Zur Person Mary Shelley kreierte mit ihrem Wälzer "Frankenstein oder Der moderne Prometheus" einen der bekanntesten Horrormythen - die ewige Nummer 2 in der Liste der Archetypen des Genres, denn sei es nun Literatur, Film oder eben Hörspiel: Der Doc kann Prinz Vlad nicht das Wasser reichen und muß sich damit abfinden, daß der transsylvanische Blutsauger wohl ein Dauerabo auf den Spitzenplatz in der Beliebtheitsskala hat. Auch Franciskowsky ging - im Vergleich zu Bram Stokers König der Vampire - eher unbedarft mit der ursprünglichen Quelle um: Weder "Frankensteins Sohn" noch (ähem!) "Dracula trifft Frankenstein" haben - bis auf die Übernahme einiger loser Motive, die aus unserer Popularkultur nicht mehr wegzudenken sind - auch nur im Ansatz etwas mit Shelleys klassischer Vorlage gemein. (Wer nicht den Nerv hat, die alte Schwarte zu lesen - hab' ich bisher auch nicht fertiggebracht! -, dem sei an dieser Stelle Kenneth Branaghs' dem Vernehmen nach doch recht werkgetreue Verfilmung "Mary Shelley's Frankenstein" empfohlen, welche die philosophischen Ideen der Autorin im Gegensatz zu Francis wenigstens ernstnimmt und nicht so überzuckert rüberkommt wie Coppolas "Bram Stoker's Dracula".)
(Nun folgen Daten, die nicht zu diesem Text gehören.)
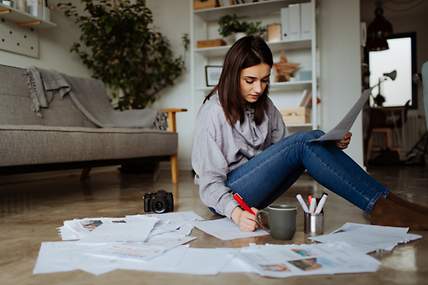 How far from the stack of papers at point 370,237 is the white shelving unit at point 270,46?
2228 mm

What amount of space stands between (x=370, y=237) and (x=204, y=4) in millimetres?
3087

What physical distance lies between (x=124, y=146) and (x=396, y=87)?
5.16 metres

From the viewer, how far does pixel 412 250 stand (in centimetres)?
110

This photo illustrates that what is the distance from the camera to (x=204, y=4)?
3.79m

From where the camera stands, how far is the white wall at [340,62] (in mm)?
3588

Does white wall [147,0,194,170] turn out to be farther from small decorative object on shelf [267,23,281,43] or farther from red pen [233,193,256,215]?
red pen [233,193,256,215]

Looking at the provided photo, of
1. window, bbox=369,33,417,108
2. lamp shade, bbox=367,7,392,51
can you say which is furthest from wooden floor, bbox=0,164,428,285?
window, bbox=369,33,417,108

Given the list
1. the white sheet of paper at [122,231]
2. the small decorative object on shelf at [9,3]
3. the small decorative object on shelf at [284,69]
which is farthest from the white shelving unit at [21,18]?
the white sheet of paper at [122,231]

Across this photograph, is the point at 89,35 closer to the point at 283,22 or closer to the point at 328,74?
the point at 283,22

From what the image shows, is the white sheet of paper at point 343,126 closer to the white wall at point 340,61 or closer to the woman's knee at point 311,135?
the woman's knee at point 311,135

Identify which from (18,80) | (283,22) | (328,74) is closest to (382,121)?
(328,74)

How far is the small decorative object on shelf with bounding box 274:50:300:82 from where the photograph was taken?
361 cm

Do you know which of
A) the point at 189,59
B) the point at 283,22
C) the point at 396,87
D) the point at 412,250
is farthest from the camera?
the point at 396,87

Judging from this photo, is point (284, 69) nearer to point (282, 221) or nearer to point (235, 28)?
point (235, 28) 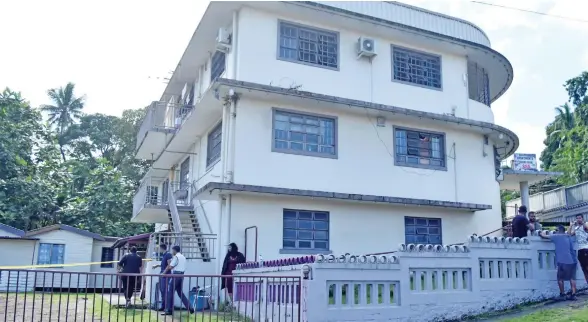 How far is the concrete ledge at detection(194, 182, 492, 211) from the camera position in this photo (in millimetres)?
15281

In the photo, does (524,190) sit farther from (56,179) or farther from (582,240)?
(56,179)

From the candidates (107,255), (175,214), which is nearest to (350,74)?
(175,214)

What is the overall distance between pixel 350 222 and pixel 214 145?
16.3 feet

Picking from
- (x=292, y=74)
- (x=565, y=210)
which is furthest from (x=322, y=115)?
(x=565, y=210)

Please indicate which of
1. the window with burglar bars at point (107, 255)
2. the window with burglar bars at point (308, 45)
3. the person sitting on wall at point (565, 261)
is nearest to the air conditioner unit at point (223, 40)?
the window with burglar bars at point (308, 45)

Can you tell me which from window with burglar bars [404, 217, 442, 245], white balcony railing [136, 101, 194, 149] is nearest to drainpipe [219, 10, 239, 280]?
white balcony railing [136, 101, 194, 149]

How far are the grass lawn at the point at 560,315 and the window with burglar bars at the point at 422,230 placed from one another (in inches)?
273

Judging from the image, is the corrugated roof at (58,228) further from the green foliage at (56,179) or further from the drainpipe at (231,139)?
the drainpipe at (231,139)

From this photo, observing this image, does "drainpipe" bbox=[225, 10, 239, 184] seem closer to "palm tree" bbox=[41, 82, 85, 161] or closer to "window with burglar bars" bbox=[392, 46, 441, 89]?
"window with burglar bars" bbox=[392, 46, 441, 89]

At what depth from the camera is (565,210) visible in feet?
95.7

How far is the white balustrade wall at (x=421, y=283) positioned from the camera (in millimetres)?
10609

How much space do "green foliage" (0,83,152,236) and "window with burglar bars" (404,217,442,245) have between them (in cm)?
2350

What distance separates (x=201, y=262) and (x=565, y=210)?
68.0 feet

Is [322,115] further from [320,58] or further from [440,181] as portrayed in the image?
[440,181]
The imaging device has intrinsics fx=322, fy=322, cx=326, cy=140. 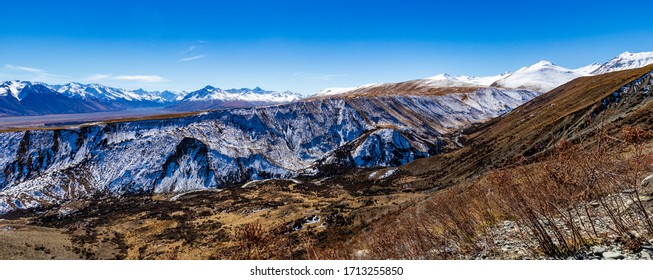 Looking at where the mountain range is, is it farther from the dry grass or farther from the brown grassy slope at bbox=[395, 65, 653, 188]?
the dry grass

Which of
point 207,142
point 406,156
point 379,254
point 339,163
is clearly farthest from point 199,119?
point 379,254

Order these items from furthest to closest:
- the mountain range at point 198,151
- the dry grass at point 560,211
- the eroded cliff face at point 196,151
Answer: the mountain range at point 198,151
the eroded cliff face at point 196,151
the dry grass at point 560,211

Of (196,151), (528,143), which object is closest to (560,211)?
(528,143)

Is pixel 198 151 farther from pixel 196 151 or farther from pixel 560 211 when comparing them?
pixel 560 211

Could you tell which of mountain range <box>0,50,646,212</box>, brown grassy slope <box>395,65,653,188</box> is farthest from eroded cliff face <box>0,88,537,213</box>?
brown grassy slope <box>395,65,653,188</box>

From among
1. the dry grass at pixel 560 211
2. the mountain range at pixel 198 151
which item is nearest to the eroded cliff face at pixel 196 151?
the mountain range at pixel 198 151

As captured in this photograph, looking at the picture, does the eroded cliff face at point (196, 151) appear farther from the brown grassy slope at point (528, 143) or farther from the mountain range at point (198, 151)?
the brown grassy slope at point (528, 143)

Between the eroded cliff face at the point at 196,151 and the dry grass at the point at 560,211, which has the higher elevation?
the dry grass at the point at 560,211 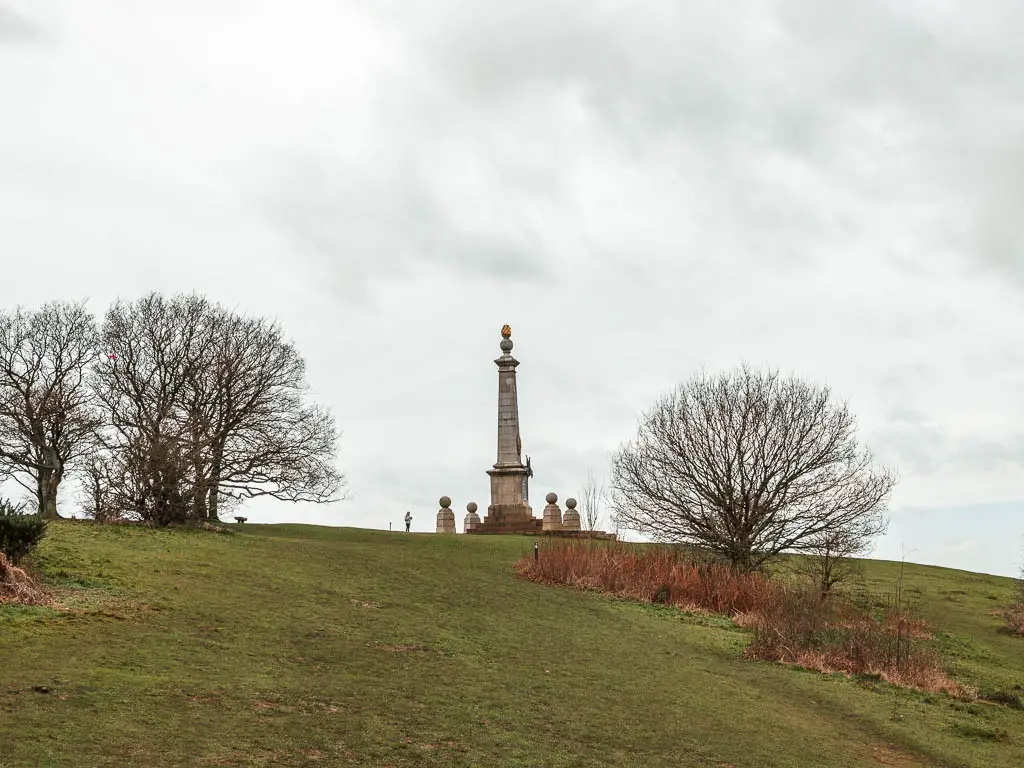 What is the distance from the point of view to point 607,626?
20500 mm

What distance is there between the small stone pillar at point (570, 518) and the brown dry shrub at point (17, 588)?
110 feet

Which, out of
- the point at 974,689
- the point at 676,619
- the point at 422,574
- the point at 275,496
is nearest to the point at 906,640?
the point at 974,689

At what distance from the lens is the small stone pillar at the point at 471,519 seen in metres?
49.7

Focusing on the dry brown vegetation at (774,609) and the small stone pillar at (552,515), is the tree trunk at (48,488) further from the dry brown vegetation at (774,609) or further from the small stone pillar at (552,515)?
the small stone pillar at (552,515)

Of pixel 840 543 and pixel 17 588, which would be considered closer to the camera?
pixel 17 588

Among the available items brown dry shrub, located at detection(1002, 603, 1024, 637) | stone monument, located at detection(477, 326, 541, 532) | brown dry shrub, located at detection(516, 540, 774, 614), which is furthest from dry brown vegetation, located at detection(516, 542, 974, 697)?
stone monument, located at detection(477, 326, 541, 532)

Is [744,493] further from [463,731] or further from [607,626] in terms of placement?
[463,731]

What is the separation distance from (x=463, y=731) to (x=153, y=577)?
9.65 meters

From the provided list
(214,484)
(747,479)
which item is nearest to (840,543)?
(747,479)

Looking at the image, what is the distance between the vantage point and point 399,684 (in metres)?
13.1

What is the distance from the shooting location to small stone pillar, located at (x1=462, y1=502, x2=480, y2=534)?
49.7 meters

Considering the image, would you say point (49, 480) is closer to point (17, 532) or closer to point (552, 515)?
point (552, 515)

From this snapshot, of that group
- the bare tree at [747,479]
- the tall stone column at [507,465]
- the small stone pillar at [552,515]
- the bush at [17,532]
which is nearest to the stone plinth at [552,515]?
the small stone pillar at [552,515]

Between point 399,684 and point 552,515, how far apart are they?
35.4 metres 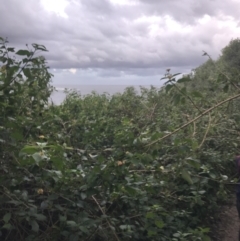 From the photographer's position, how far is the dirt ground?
6.05 metres

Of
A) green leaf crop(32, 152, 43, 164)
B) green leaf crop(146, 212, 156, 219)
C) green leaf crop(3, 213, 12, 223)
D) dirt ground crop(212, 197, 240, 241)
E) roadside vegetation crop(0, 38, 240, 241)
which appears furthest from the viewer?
dirt ground crop(212, 197, 240, 241)

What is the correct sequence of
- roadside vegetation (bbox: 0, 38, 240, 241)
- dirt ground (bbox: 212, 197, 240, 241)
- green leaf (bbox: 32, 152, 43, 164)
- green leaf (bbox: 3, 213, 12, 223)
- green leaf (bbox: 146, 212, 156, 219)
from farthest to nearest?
1. dirt ground (bbox: 212, 197, 240, 241)
2. green leaf (bbox: 146, 212, 156, 219)
3. roadside vegetation (bbox: 0, 38, 240, 241)
4. green leaf (bbox: 3, 213, 12, 223)
5. green leaf (bbox: 32, 152, 43, 164)

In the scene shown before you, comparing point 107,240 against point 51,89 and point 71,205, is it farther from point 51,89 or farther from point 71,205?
point 51,89

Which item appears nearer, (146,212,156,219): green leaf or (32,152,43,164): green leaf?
(32,152,43,164): green leaf

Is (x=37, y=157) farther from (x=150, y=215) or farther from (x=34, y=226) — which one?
(x=150, y=215)

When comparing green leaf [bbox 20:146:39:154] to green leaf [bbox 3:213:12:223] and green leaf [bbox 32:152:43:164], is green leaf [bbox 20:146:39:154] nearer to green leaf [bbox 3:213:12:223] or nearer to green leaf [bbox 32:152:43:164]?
green leaf [bbox 32:152:43:164]

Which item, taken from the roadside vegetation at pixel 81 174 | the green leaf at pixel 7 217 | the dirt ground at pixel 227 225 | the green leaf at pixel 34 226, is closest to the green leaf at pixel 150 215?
the roadside vegetation at pixel 81 174

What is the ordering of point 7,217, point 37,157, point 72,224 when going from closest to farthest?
point 37,157 < point 7,217 < point 72,224

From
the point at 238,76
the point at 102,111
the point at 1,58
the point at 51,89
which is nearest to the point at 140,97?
the point at 102,111

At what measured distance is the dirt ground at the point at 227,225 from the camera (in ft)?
19.8

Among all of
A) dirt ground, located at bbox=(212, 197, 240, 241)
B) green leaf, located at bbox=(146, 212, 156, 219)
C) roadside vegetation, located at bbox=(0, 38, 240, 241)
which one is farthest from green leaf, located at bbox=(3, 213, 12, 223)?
dirt ground, located at bbox=(212, 197, 240, 241)

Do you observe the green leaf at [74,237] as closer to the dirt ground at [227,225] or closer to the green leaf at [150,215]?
the green leaf at [150,215]

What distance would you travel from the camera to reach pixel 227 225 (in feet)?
21.2

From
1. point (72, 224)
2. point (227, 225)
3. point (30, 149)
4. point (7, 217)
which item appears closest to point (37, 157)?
point (30, 149) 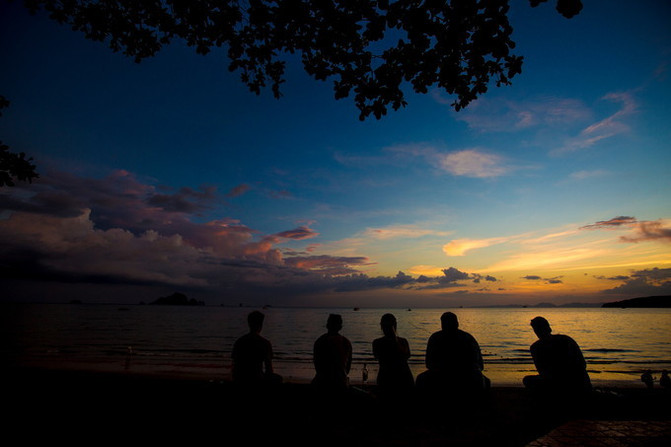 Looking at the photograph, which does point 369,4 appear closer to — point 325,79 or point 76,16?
point 325,79

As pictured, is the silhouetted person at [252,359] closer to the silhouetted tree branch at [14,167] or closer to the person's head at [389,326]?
the person's head at [389,326]

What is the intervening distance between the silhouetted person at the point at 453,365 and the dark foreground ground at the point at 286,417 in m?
0.29

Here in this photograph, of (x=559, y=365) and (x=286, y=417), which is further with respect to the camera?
(x=559, y=365)

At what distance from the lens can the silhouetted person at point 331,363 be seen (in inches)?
208

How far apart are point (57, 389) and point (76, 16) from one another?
27.0ft

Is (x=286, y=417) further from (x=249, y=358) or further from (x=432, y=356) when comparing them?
(x=432, y=356)

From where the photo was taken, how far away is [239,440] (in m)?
3.98

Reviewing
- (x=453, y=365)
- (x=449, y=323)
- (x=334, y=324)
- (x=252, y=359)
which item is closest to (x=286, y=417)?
(x=252, y=359)

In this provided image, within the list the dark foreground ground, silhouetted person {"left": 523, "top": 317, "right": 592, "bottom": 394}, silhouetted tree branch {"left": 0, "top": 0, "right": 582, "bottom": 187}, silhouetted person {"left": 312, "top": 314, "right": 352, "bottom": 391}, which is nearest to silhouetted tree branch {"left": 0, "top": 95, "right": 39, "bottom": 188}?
silhouetted tree branch {"left": 0, "top": 0, "right": 582, "bottom": 187}

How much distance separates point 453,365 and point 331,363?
7.73 feet

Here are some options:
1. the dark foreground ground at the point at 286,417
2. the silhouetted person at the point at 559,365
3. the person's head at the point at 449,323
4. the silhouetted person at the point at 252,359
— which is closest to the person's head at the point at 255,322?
Answer: the silhouetted person at the point at 252,359

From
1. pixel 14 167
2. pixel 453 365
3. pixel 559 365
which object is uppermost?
pixel 14 167

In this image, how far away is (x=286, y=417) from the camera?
4863 millimetres

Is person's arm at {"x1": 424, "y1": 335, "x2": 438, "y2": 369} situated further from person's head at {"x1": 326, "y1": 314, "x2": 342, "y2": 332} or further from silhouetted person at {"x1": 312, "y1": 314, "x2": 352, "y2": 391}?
person's head at {"x1": 326, "y1": 314, "x2": 342, "y2": 332} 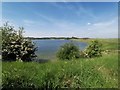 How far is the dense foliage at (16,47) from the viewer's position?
9.33 meters

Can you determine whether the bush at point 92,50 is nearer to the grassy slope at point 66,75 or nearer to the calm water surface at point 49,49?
the calm water surface at point 49,49

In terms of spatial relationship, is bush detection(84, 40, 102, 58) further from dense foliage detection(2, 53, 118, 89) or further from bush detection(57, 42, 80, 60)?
dense foliage detection(2, 53, 118, 89)

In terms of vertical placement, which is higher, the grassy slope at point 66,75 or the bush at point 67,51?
the bush at point 67,51

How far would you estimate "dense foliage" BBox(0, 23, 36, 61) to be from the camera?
9.33 m

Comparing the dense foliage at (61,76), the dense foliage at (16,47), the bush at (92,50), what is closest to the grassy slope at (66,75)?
the dense foliage at (61,76)

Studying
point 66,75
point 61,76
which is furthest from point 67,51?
point 61,76

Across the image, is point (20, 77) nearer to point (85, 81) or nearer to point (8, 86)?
point (8, 86)

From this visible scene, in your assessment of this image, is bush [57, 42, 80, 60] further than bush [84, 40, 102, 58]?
No

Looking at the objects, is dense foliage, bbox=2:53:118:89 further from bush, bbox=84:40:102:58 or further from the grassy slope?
bush, bbox=84:40:102:58

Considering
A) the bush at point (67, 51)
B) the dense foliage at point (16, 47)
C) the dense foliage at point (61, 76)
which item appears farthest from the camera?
the bush at point (67, 51)

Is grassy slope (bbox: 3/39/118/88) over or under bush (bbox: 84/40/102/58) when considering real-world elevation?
under

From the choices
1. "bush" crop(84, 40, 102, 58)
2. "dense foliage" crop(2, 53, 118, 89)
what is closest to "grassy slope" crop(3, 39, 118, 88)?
"dense foliage" crop(2, 53, 118, 89)

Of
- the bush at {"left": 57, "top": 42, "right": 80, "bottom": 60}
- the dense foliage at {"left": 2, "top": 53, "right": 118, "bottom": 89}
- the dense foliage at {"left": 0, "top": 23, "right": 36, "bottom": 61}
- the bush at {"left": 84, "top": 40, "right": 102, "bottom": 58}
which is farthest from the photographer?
the bush at {"left": 84, "top": 40, "right": 102, "bottom": 58}

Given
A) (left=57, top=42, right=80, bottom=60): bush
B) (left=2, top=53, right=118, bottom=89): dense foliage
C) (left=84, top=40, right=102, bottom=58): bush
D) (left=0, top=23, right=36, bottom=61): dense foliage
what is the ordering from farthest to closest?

"Frankensteins Sohn", die grüne Nr. 1 der Serie, war ja bereits vorher schon als Einzelhörspiel erschienen und präsentierte uns einen gewissen Dr. Frank, von dem man nicht mit hundertprozentiger Sicherheit sagen kann, ob er nun wirklich dem Geschlecht der Frankensteins entstammt, und der auf Schloß Düsternbrunn in einer eisernen Lunge vor sich hinröchelnd auf seine nächste Gehirntransplantation wartet. Um dem schicken, durch Boris Karloff inspirierten Cover entgegenzukommen, läuft der arme Ronald Frank nach gelungener Operation mit "zwei Metallpfropfen, die aus seinen Schläfen ragen", herum: eine etwas abstruse Verschmelzung des Wissenschaftlers mit dem Monster. Letzteres tritt ja erst in der nächsten Gruselserienfolge (ebenfalls eine Neuauflage) in Erscheinung. Aber bei den Pfropfen bleibt's ja dann doch auch nicht: Während der Humunculus, der in Gesellschaft der "Blutfürsten" zu neuem Leben erwacht, "nichts weiter als ein Monster" ist, sucht Frankenstein Jr. (bizarrerweise mit der Stimme von Märchenonkel Hans Paetsch ausgestattet) beinahe so unschuldig-plump wie die Kreatur, die ja eigentlich sein Vater geschaffen hat und von Boris Karloff so unsterblich verkörpert wurde, (Oiiii! Jetzt wird's kompliziert!) einfach nur nach ein bisserl Liebe ...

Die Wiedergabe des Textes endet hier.